Directions for this task:
Among the entries below, only the lines starting at the one with "com bo 4 quần" and ending at the one with "Evolution of Welsh", both included, are to be printed exactly.

Segment Start: Supplied data

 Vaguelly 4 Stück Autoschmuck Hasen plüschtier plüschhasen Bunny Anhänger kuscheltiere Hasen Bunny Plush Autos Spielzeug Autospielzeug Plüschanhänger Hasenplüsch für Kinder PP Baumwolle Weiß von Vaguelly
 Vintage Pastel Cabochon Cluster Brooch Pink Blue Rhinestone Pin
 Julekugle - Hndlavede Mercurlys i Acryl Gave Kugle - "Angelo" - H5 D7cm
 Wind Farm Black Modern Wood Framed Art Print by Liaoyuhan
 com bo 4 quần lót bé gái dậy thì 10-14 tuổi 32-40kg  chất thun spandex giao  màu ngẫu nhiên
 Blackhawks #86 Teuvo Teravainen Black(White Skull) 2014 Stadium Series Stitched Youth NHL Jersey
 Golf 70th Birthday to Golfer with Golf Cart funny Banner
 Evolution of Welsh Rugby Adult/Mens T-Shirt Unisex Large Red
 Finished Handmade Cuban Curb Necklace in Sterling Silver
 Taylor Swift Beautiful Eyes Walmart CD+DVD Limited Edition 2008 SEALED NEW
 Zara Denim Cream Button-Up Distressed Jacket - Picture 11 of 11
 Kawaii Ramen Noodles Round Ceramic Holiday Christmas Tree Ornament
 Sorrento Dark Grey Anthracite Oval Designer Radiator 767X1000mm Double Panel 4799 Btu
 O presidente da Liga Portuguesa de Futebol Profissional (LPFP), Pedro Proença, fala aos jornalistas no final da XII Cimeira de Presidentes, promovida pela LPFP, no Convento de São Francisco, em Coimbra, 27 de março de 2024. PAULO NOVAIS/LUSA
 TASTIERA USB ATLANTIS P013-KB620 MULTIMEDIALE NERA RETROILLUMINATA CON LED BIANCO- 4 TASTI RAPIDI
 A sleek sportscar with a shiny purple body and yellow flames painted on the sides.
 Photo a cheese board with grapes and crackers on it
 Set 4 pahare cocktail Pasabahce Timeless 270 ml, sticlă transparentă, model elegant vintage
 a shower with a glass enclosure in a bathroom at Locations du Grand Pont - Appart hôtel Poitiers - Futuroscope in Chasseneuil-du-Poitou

Segment End: Supplied data

Answer section:
 com bo 4 quần lót bé gái dậy thì 10-14 tuổi 32-40kg  chất thun spandex giao  màu ngẫu nhiên
 Blackhawks #86 Teuvo Teravainen Black(White Skull) 2014 Stadium Series Stitched Youth NHL Jersey
 Golf 70th Birthday to Golfer with Golf Cart funny Banner
 Evolution of Welsh Rugby Adult/Mens T-Shirt Unisex Large Red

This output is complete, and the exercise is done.